### [THE PROBLEM]
Print all the data below exactly, without images.

### [STUDY MATERIAL]
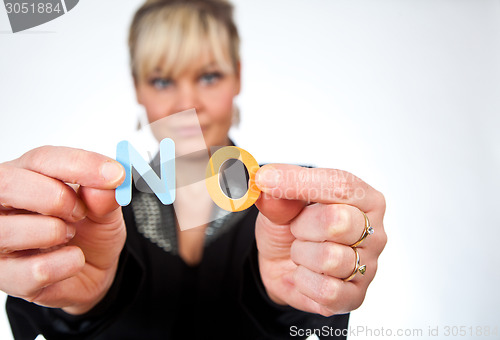 Image of Studio portrait of a cute blond girl holding two letters forming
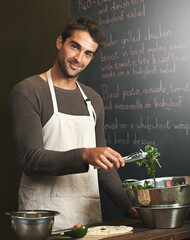 Chef, man and portrait with salad in kitchen for delicious meal, healthy diet and nutrition. Cooking, vegetables and male cook preparing vegan food for fine dining in restaurant or small business.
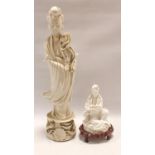 Chinese Blanc de Chine figure of the deity Guanyin holding a Ruyi sceptre seated on a naturalistic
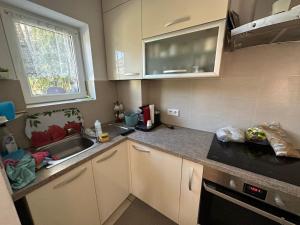 a kitchen with white cabinets and a sink and a window at Casa Tineretului in Dej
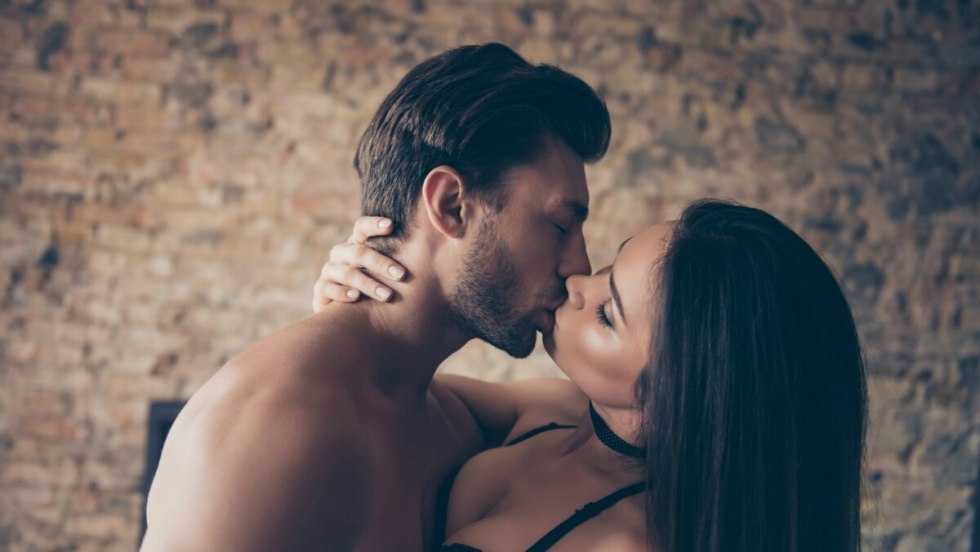 The couple kisses in bed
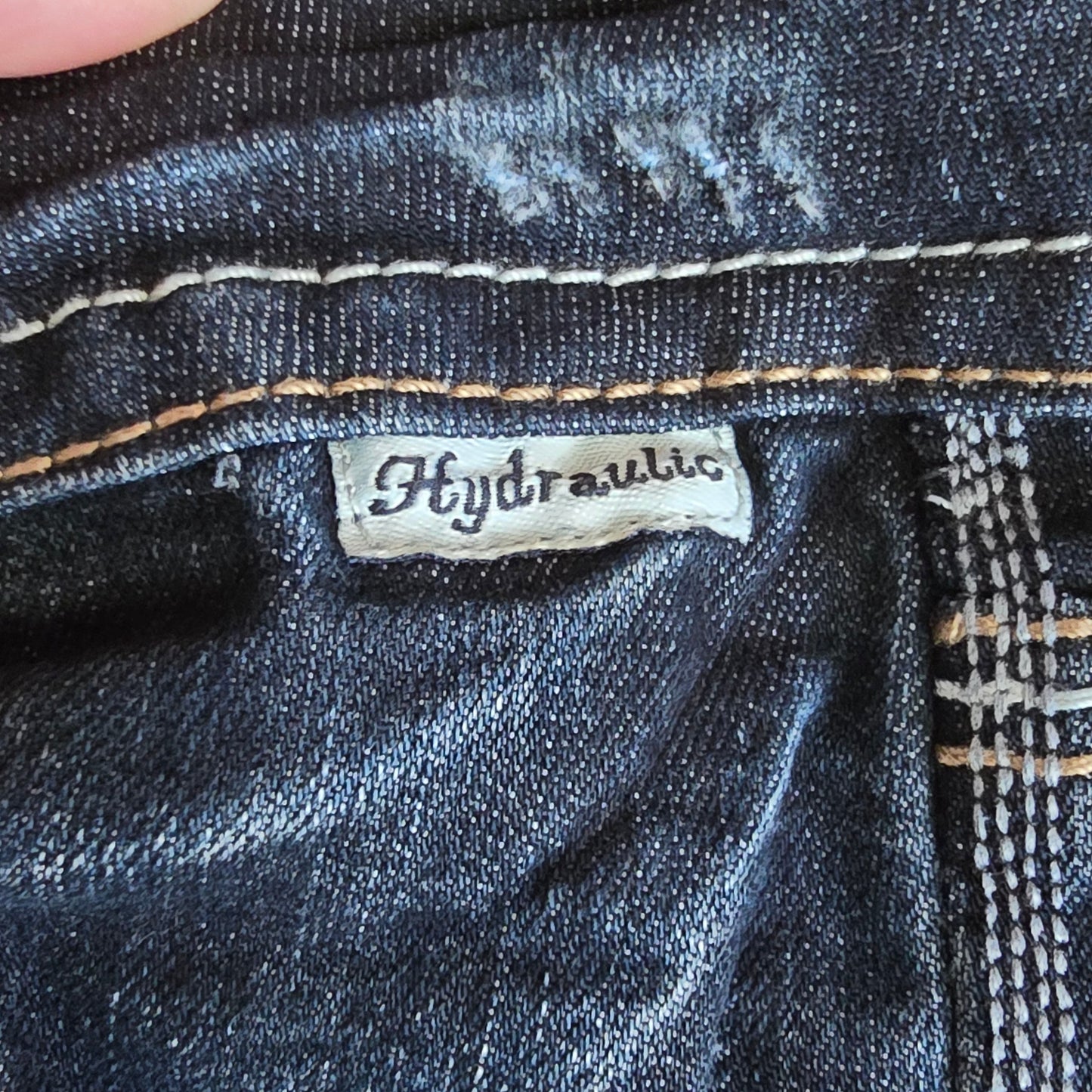 Close-up of a denim fabric with a brand label on a dark blue background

### [SOLUTION]
 Image of Studio portrait of a cute blond girl holding two letters forming
 Chef, man and portrait with salad in kitchen for delicious meal, healthy diet and nutrition. Cooking, vegetables and male cook preparing vegan food for fine dining in restaurant or small business.
 Chinese Blanc de Chine figure of the deity Guanyin holding a Ruyi sceptre seated on a naturalistic
 a kitchen with white cabinets and a sink and a window at Casa Tineretului in Dej
 The couple kisses in bed
 Close-up of a denim fabric with a brand label on a dark blue background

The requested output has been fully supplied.